I also hear marginal cost defined as cost of the last unit. What is meant by this? If quantity is increased by 5, is the marginal cost the cost of the 5th unit only?

• The reason why it is not the cost of the last unit is actually explained in the article: mc are the additional costs incurred by producing an extra unit. This includes the cost of the next unit but also the costs of the reduced productivity in all other units due to the law of diminishing returns. – Maarten Punt Dec 11 '19 at 8:11
• @MaartenPunt but isn't it incorrect to state that the cost of producing the last unit of output is the same as the cost of producing the first or any other unit of output, because isn't the cost of producing an extra unit changing? – Chris Mason Dec 11 '19 at 9:15

The full quote from the cited reference (p. 181) is

Marginal cost is not the cost of producing the "last" unit of output. The cost of producing the last unit of output is the same as the cost of producing the first or any other unit of output and is, in fact, the average cost of output. Marginal cost (in the finite sense) is the increase (or decrease) in cost resulting from the production of an extra increment of output, which is not the same thing as the "cost of the last unit."

I think the boldfaced part is the important part that the Wikipedia editor left out.

What you have in mind is correct. Suppose we can produce 4 hats for the cost of \$8, and 5 hats for the cost of \$15, then the authors are saying that if you choose to produce 5 hats instead of 4, then it would cost you \$7 more. That's the marginal cost. They argue that it's not right to say that, having chosen to produce 5 hats, that the cost of producing the 5th hat is \$7.
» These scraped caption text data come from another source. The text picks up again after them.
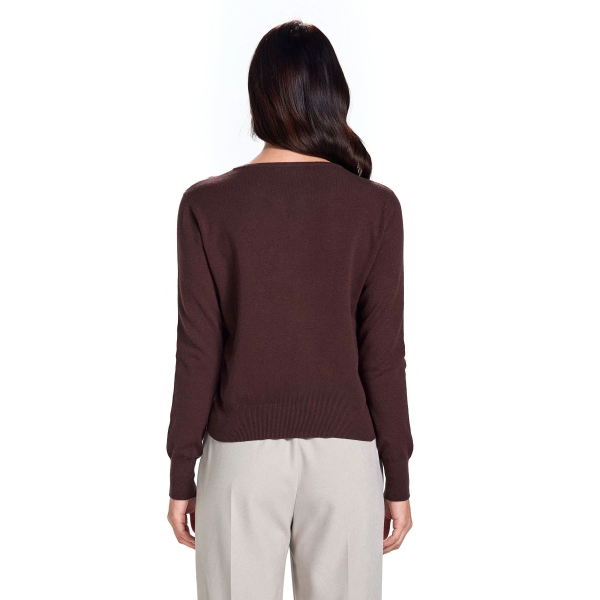 Pullover da donna TAKE TWO DT03509 spilla perle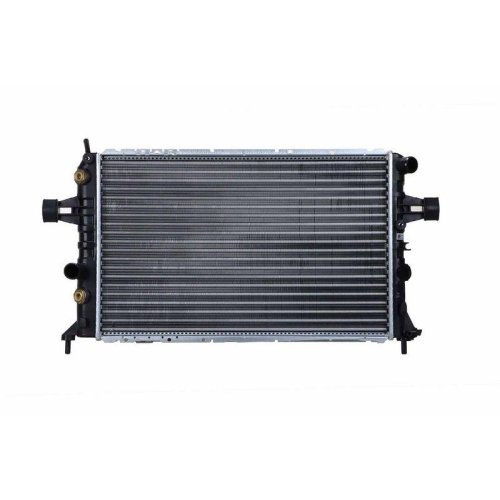 Радиатор охлаждения двигателя HELLA 8MK 366 302-561 для OPEL VAUXHALL, фото №2 Радиатор охлаждения двигателя HELLA 8MK 366 302-561 для OPEL VAUXHALL, фото №2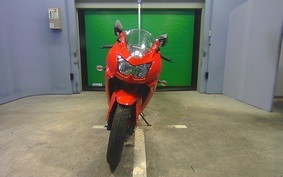 KAWASAKI NINJA 250R 2009 EX250K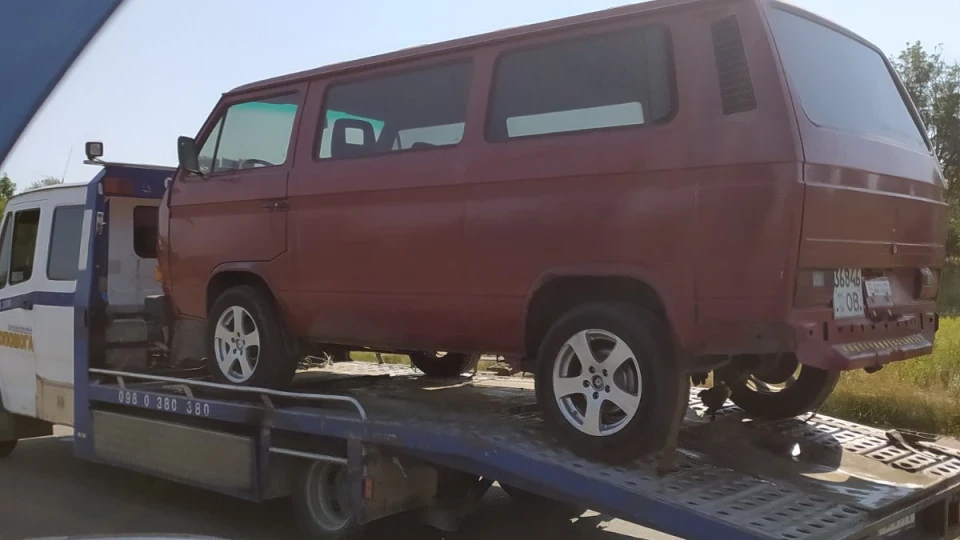 Volkswagen Caravelle DG 2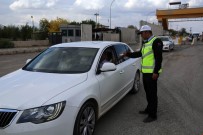 Muş'ta 'Trafik Güvenliği' Denetimi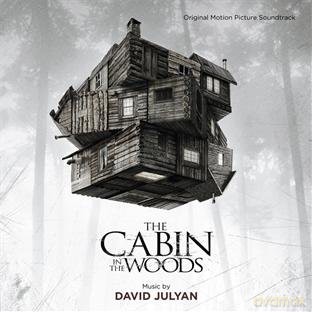 The Cabin In The Woods soundtrack (Dom W Głębi Lasu) (David Julyan) [CD]
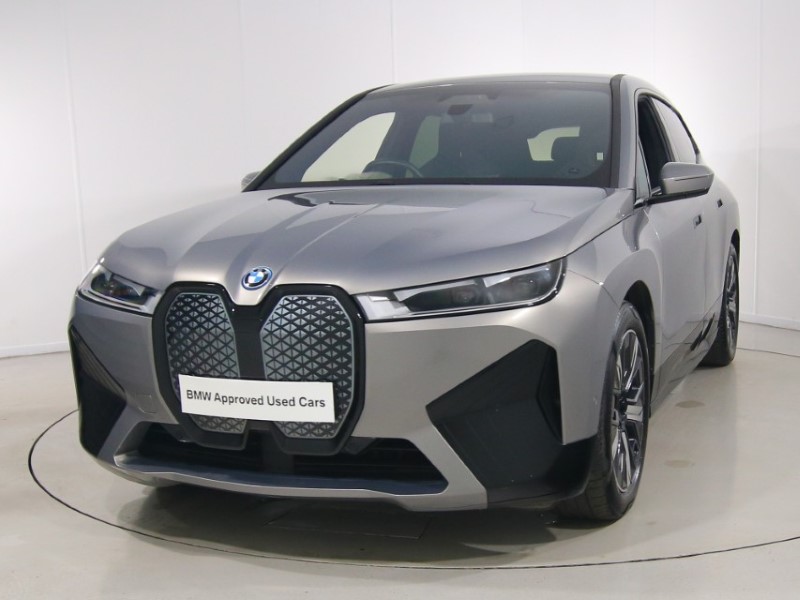 2024 (24) BMW iX 385kW xDrive50 M Sport 111.5kWh 5dr Auto 5537104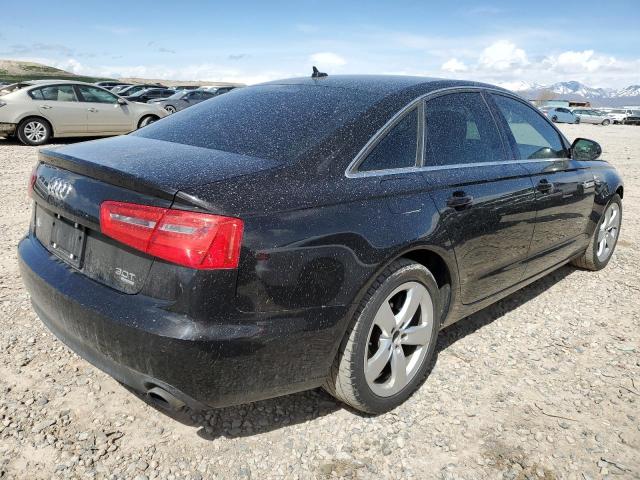 Photo 3 from auction – 2012 AUDI A6 PREMIUM with VIN WAUGGAFC4CN121958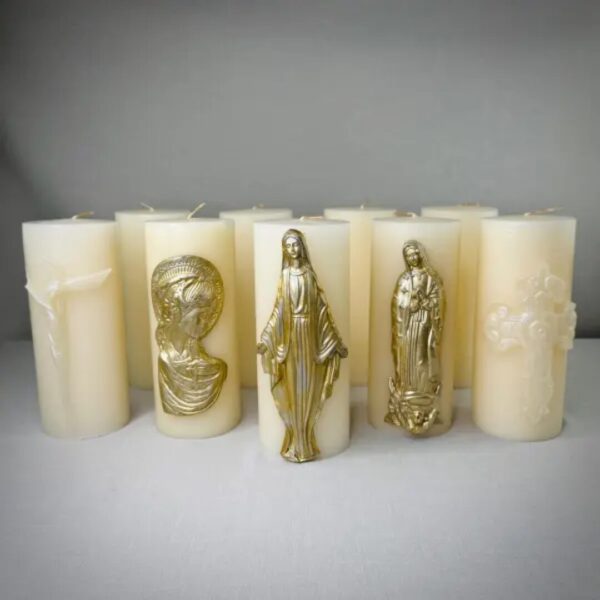 COLECCIÓN DE LOS TIPOS DE CIRIO EXTRA GRANDE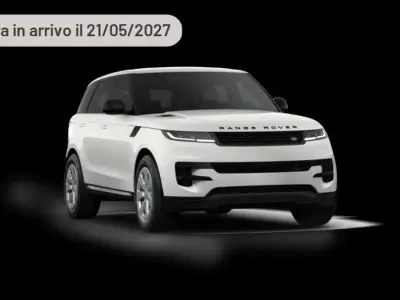 Uusi Land Rover Range Rover Sport SE Dynamic 381 HP (280 kW) 2026 Hopea Katumaasturi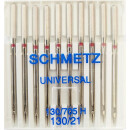 705517 - Schmetz - 130/705 H  Nm 130 B10-Magazin / Nadeldicke = 130 /  Preis pro Karte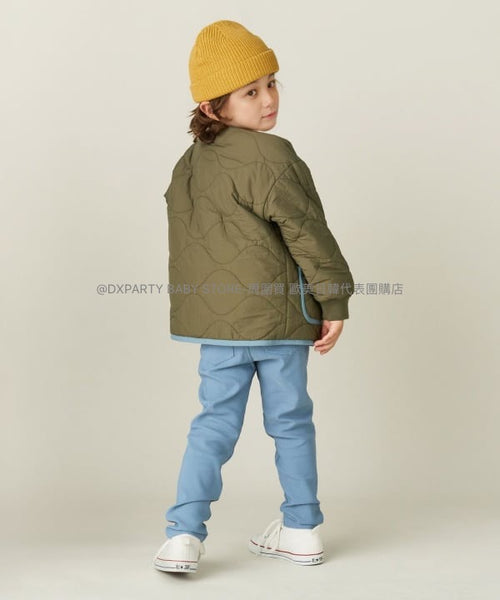 日本童裝 BEAMS mini 2Way 雙面兩著 毛毛外套 90-150cm 男童款/女童款 秋季 OUTERWEAR (適合初秋、香港平均溫度、寒冷天氣）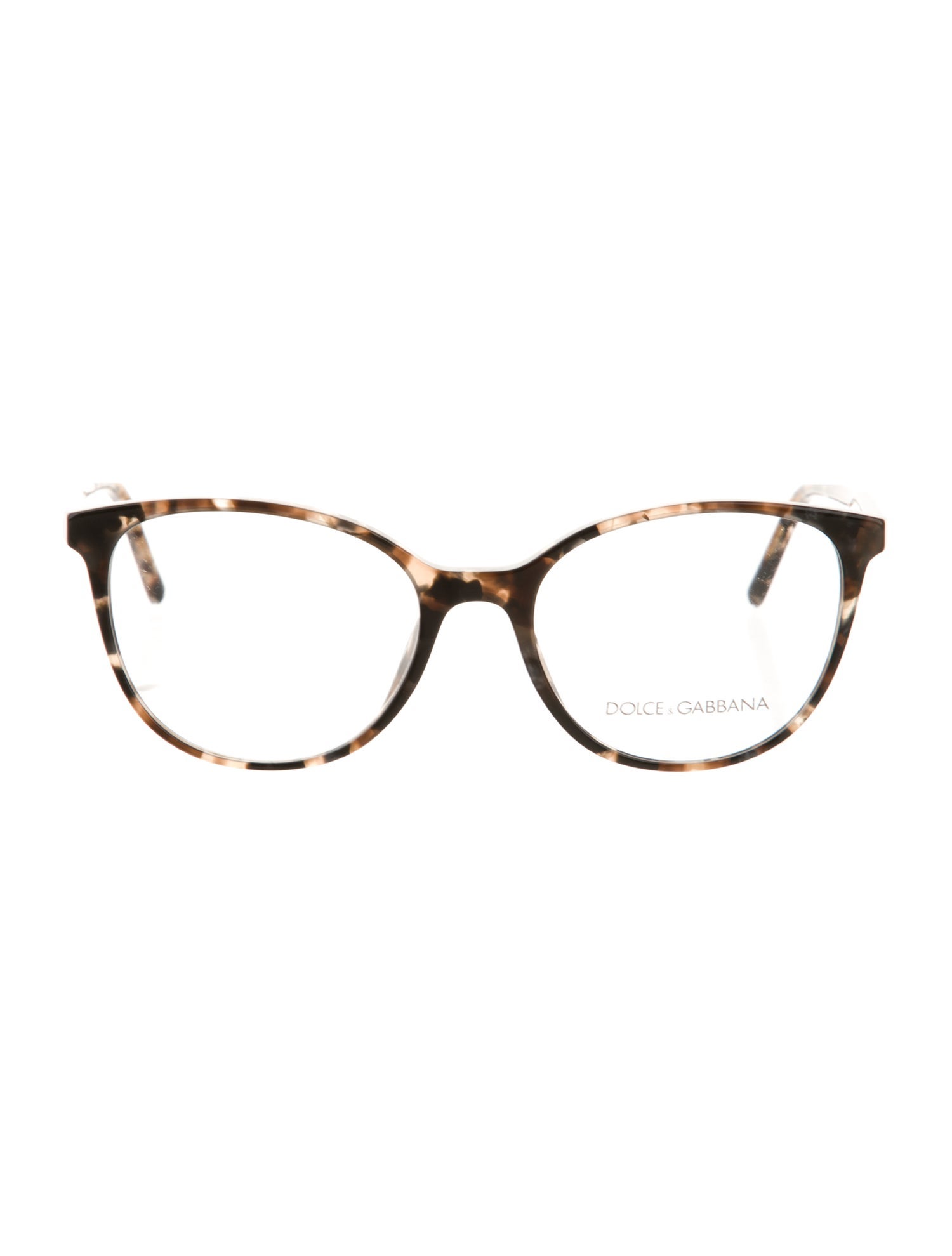 Dolce & Gabbana Cat-Eye Eyeglasses w/ Tags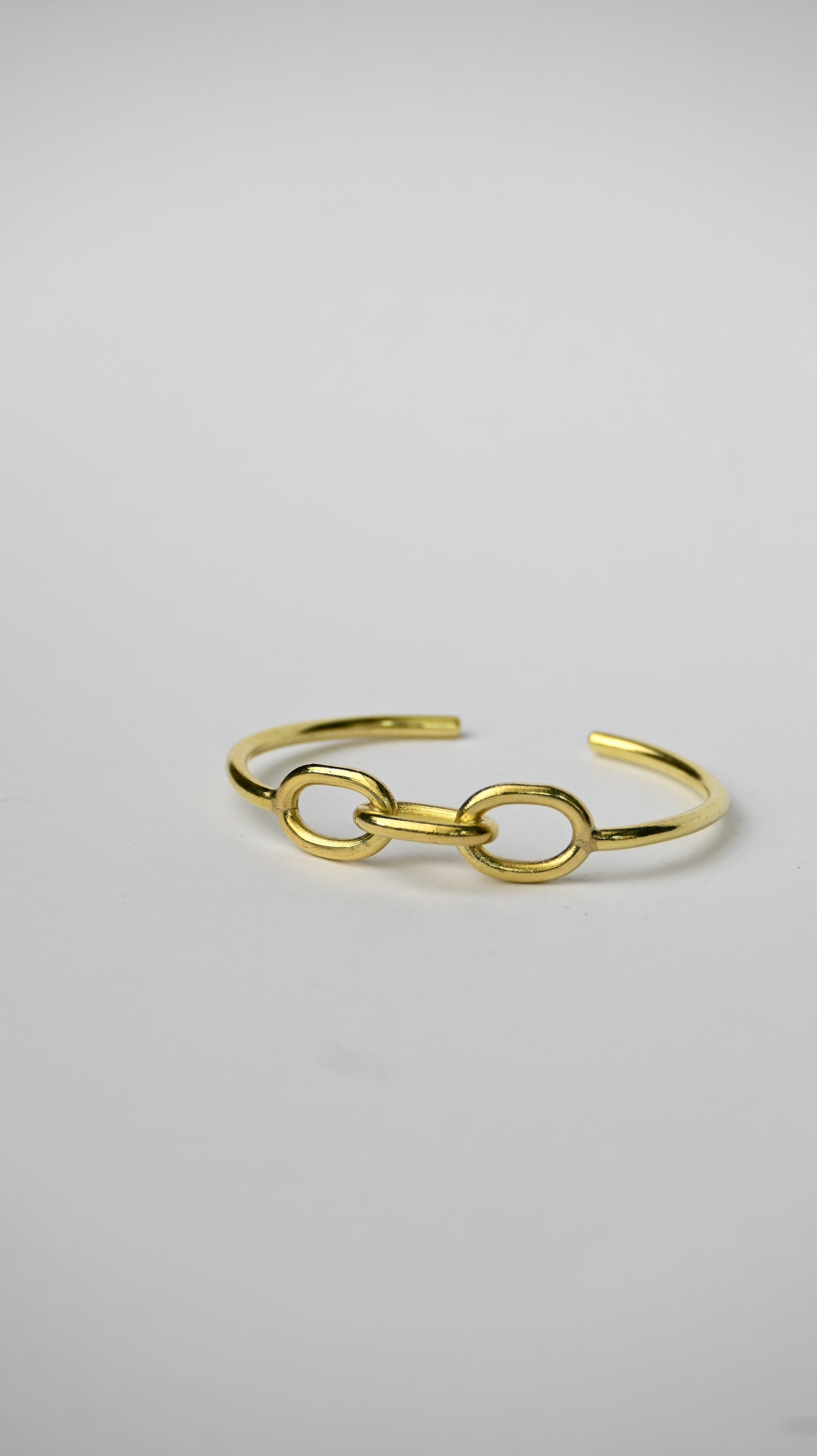 Esclava Triple Eslabón Bronce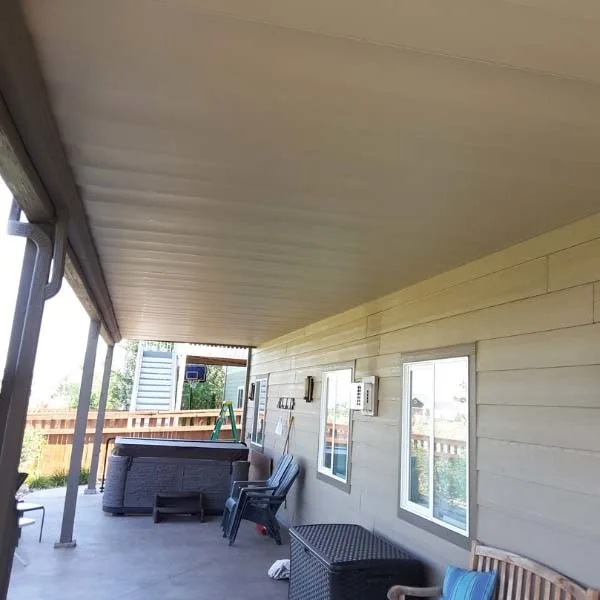 UnderDeck Drainage System by ZipUp by DecksDirect - Photo 4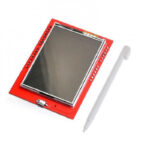 2.4″ Inch Touch Screen TFT Display Shield for Arduino UNO Mega_Sharvielectronics
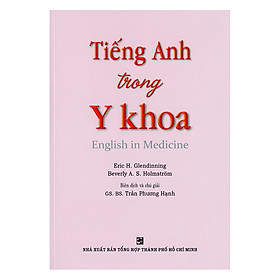 Tiếng Anh Trong Y Khoa - English In Medicine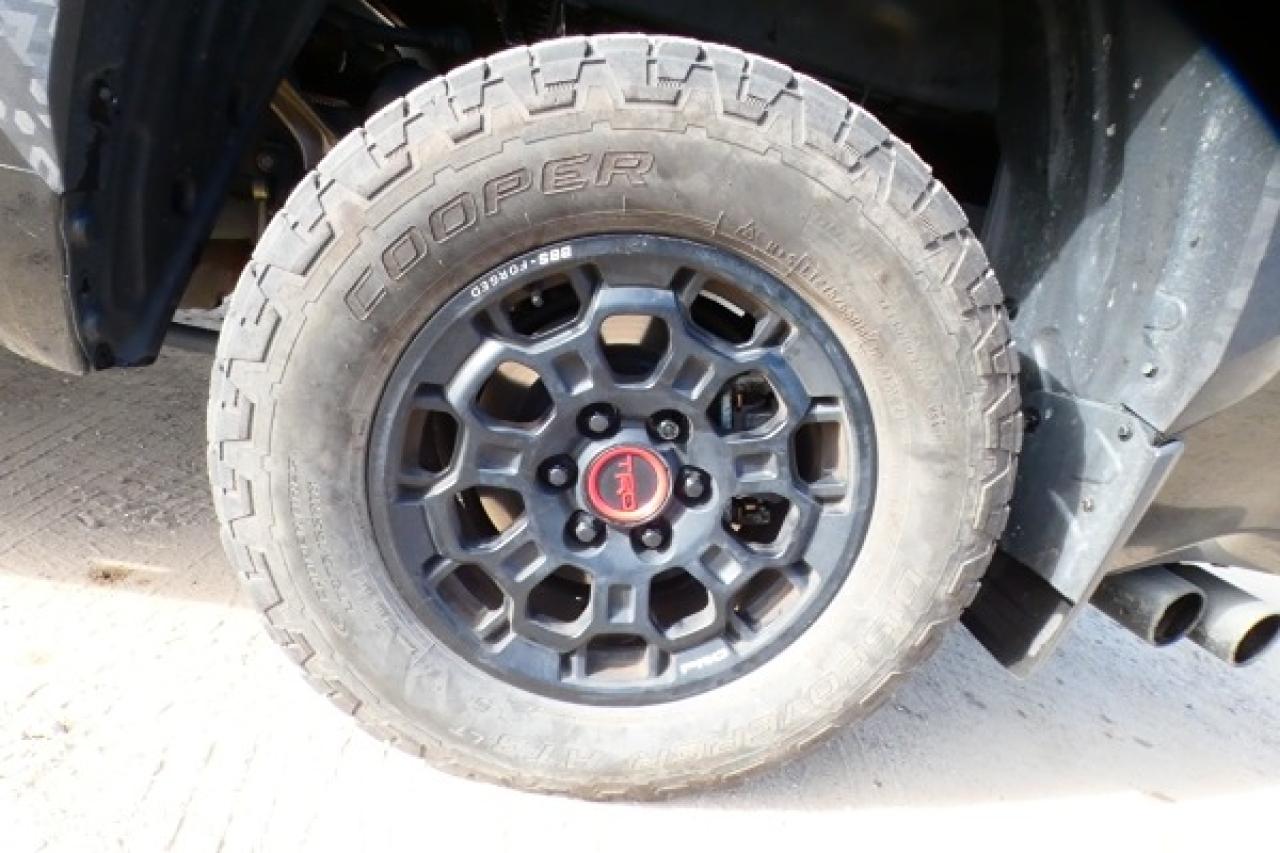 2024 Toyota Tundra Limited Hybrid w/H&C L, pano S/R, NAV, BUC - Photo #20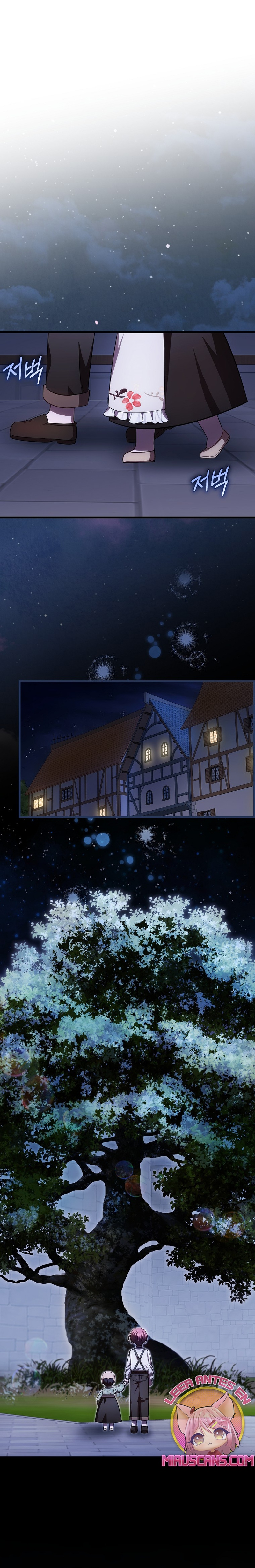 Esta es la primera vez que soy amada Capítulo 28 - Page 3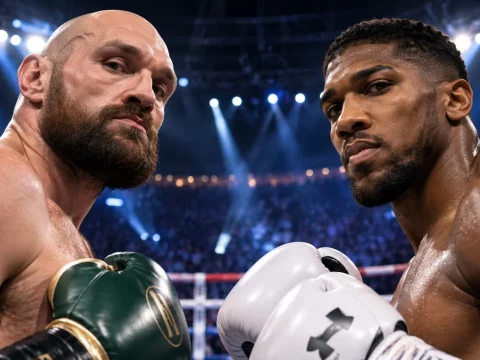 Jól jár Tyson Fury és Anthony Joshua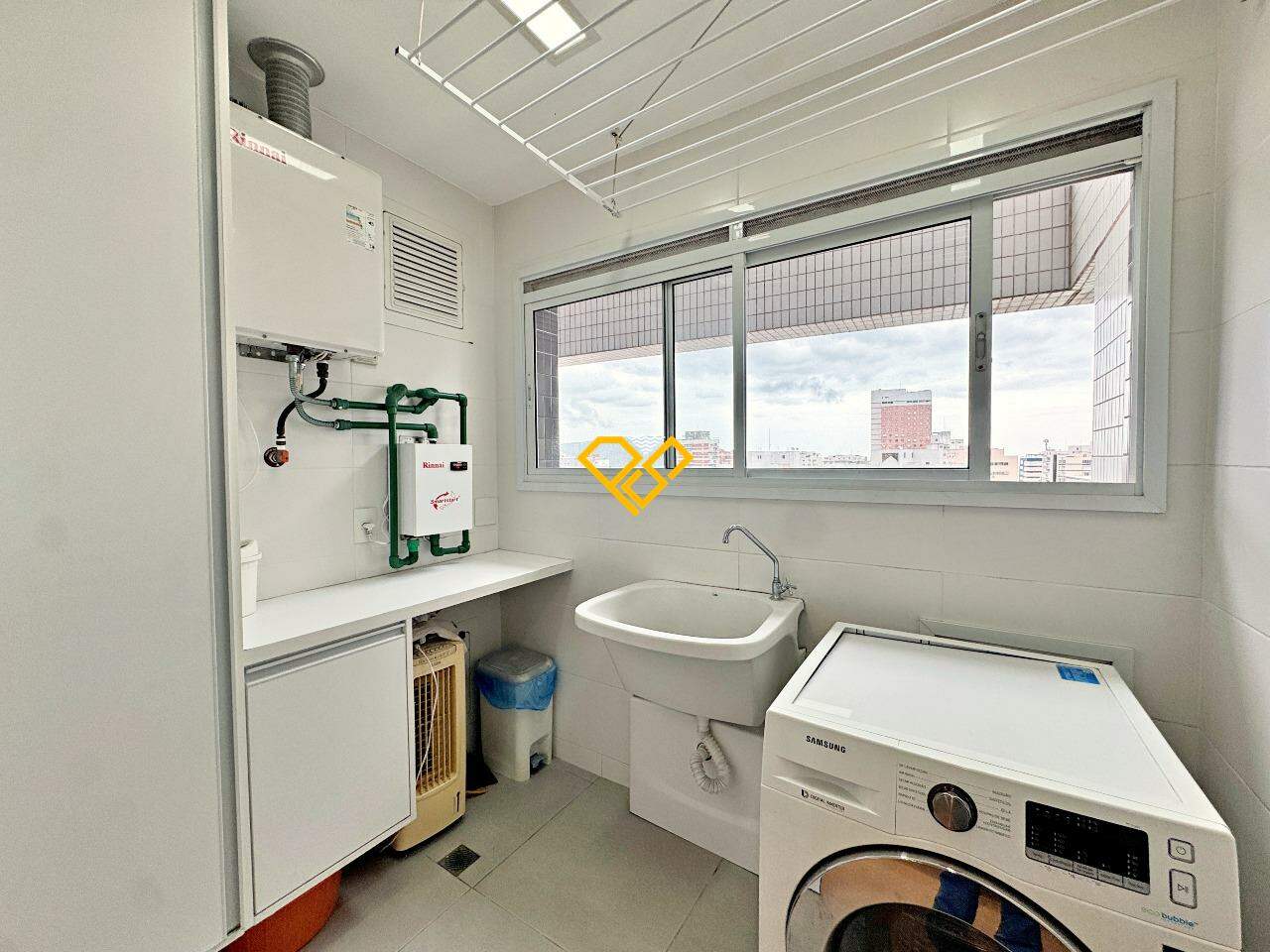 Apartamento à venda no Boqueirão: Área de serviço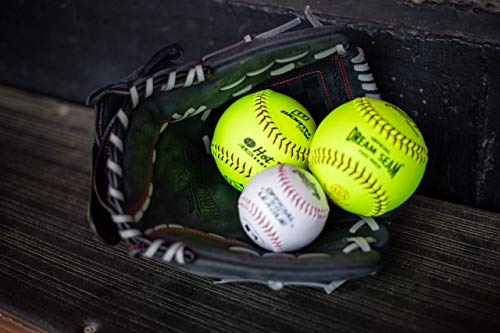 Rawlings | RENEGADE Glove | Baseball/Softball | Left Hand Throw | 12" - Basket Web by Rawlings - Image 4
To me, this is a very minor distinction.

• Thanks a lot, that clears things up. Isn't it incorrect to say that the cost of producing the first or any unit is the same as the last, as the cost of producing each unit changes? And why is that considered the average cost of output, not marginal? – Chris Mason Dec 11 '19 at 8:58
• The point is that once you choose to produce 5 hats, all you know is it would cost you \$15, or \$3 per hat on average. This is the same for any of those five hats as you can't distinguish them; you can't say that the fifth hat costs \$7. In short, the authors argue that marginal cost applies when you choose how many to produce. Once you choose that quantity, all hats are the same. – Art Dec 11 '19 at 10:35 • But isn't the statement still incorrect?it writes the cost of producing the last output is the same as the first and any other unit. Won't the cost of the last hat change due to diminishing returns? And isn't the ATC different for each hat? – Chris Mason Dec 11 '19 at 11:22 • ATC would be the same for each hat, once you decided how many hats to produce. ATC would be different for different quantities of hats you decide to produce. – Art Dec 11 '19 at 12:03 • or @user253751 you buy 8 hats worth of fabric for$15, but only make 5 – Chris H Dec 11 '19 at 16:37

I’m guessing what this means is that if $$C$$ is the cost function and $$x$$ represents the number of units of a good produced, marginal cost at production level $$x_0$$ is not the cost of producing the $$(x_0)$$th unit. And, importantly, if goods are not sold in discrete amounts, it’s not quite the cost of producing the next “unit” either.

If the good is produced in discrete amounts (that is, if $$x \in \mathbb{N}$$), then marginal cost at production level $$x_0$$ is defined as $$C(x_{0}+1) - C(x_0)$$. For example, marginal cost when $$15$$ goods have been produced is the additional cost of producing the $$16$$th good, not the $$15$$th good.

More often than not, though, economists assume the good is continuous (e.g., milk, for instance). In that case, marginal cost at production level $$x_0$$ is the derivative of the cost function at $$x = x_0$$, i.e., $$C'(x_0)$$. That means it's the cost of producing an additional incremental amount of the good (i.e., the “instantaneous rate of change” of the cost with respect to quantity).